=== DATA EXTRACT ===
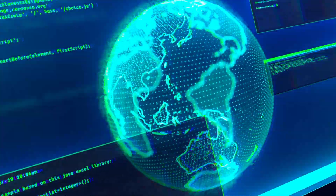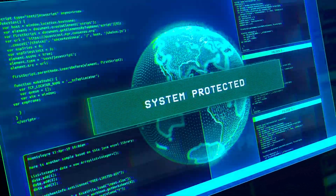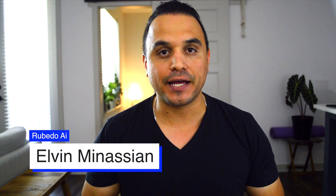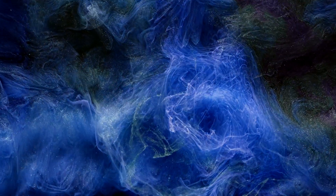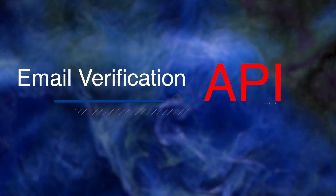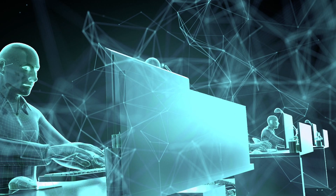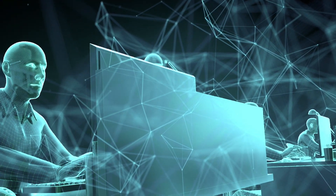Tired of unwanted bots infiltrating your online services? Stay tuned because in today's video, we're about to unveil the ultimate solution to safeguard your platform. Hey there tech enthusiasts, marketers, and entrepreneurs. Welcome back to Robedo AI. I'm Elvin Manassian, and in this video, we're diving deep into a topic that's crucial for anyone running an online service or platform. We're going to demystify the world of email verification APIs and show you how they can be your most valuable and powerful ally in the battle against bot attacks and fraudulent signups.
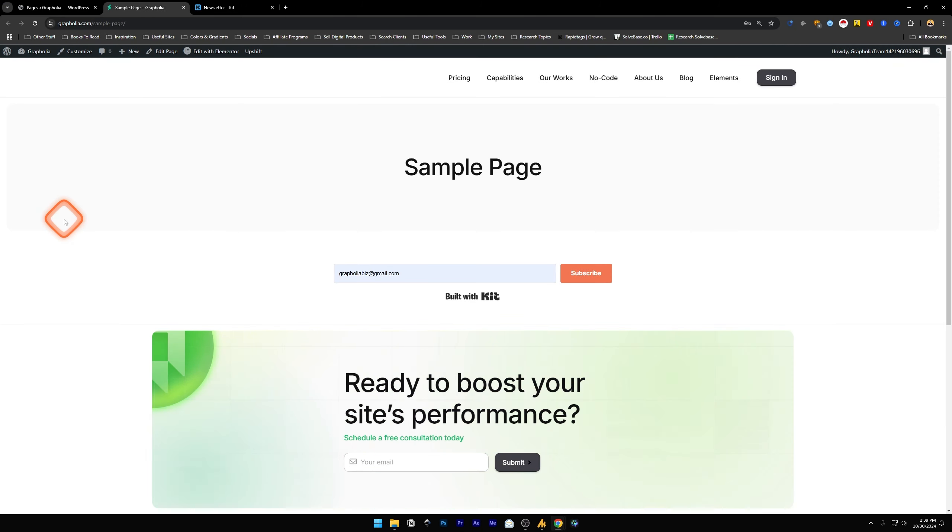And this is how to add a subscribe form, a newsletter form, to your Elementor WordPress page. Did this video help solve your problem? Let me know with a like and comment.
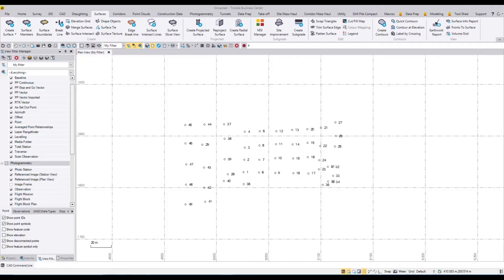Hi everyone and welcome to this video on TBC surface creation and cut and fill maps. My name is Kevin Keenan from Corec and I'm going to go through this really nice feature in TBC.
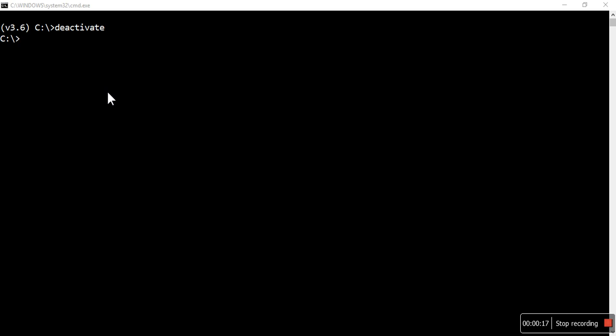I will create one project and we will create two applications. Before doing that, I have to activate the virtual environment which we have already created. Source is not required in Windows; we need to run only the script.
===
▶ **ABOUT THIS EXERCISE**: For each line above, output its wording exactly and leave out any picture.

▶ **COMPLETED EXERCISE**:
Tired of unwanted bots infiltrating your online services? Stay tuned because in today's video, we're about to unveil the ultimate solution to safeguard your platform. Hey there tech enthusiasts, marketers, and entrepreneurs. Welcome back to Robedo AI. I'm Elvin Manassian, and in this video, we're diving deep into a topic that's crucial for anyone running an online service or platform. We're going to demystify the world of email verification APIs and show you how they can be your most valuable and powerful ally in the battle against bot attacks and fraudulent signups.
And this is how to add a subscribe form, a newsletter form, to your Elementor WordPress page. Did this video help solve your problem? Let me know with a like and comment.
Hi everyone and welcome to this video on TBC surface creation and cut and fill maps. My name is Kevin Keenan from Corec and I'm going to go through this really nice feature in TBC.
I will create one project and we will create two applications. Before doing that, I have to activate the virtual environment which we have already created. Source is not required in Windows; we need to run only the script.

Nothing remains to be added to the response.